SSE2 extensions add the following features to the IA-32 architecture, while maintaining backward compatibility
with all existing IA-32 processors, applications and operating systems.
•
Six data types:
— 128-bit packed double-precision floating-point (two IEEE Standard 754 double-precision floating-point
values packed into a double quadword)
— 128-bit packed byte integers
— 128-bit packed word integers
— 128-bit packed doubleword integers
— 128-bit packed quadword integers
•
Instructions to support the additional data types and extend existing SIMD integer operations:
— Packed and scalar double-precision floating-point instructions
— Additional 64-bit and 128-bit SIMD integer instructions
— 128-bit versions of SIMD integer instructions introduced with the MMX technology and the SSE extensions
— Additional cacheability-control and instruction-ordering instructions
•
Modifications to existing IA-32 instructions to support SSE2 features:
— Extensions and modifications to the CPUID instruction
— Modifications to the RDPMC instruction
These new features extend the IA-32 architecture’s SIMD programming model in three important ways:
•
They provide the ability to perform SIMD operations on pairs of packed double-precision floating-point values.
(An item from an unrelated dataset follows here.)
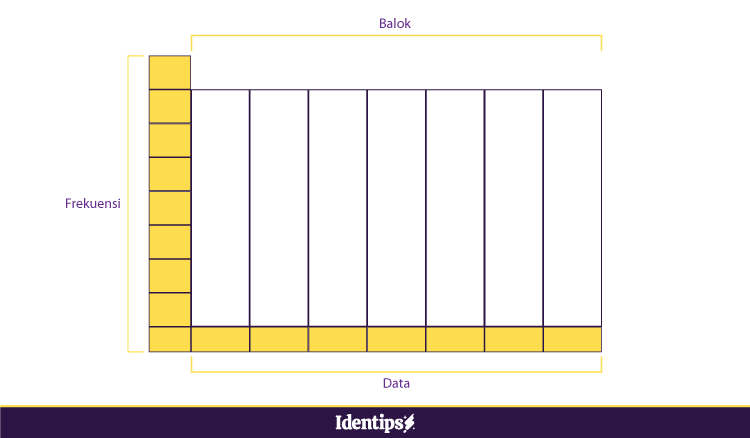 Cara Membuat Diagram Pada HTML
This permits higher precision computations to be carried out in XMM registers, which enhances processor
performance in scientific and engineering applications and in applications that use advanced 3-D geometry
techniques (such as ray tracing). Additional flexibility is provided with instructions that operate on single
(scalar) double-precision floating-point values located in the low quadword of an XMM register.
•
They provide the ability to operate on 128-bit packed integers (bytes, words, doublewords, and quadwords) in
XMM registers. This provides greater flexibility and greater throughput when performing SIMD operations on
packed integers. The capability is particularly useful for applications such as RSA authentication and RC5
encryption. Using the full set of SIMD registers, data types, and instructions provided with the MMX technology
and SSE/SSE2 extensions, programmers can develop algorithms that finely mix packed single- and double-
precision floating-point data and 64- and 128-bit packed integer data.
•
SSE2 extensions enhance the support introduced with SSE extensions for controlling the cacheability of SIMD
data. SSE2 cache control instructions provide the ability to stream data in and out of the XMM registers without
polluting the caches and the ability to prefetch data before it is actually used.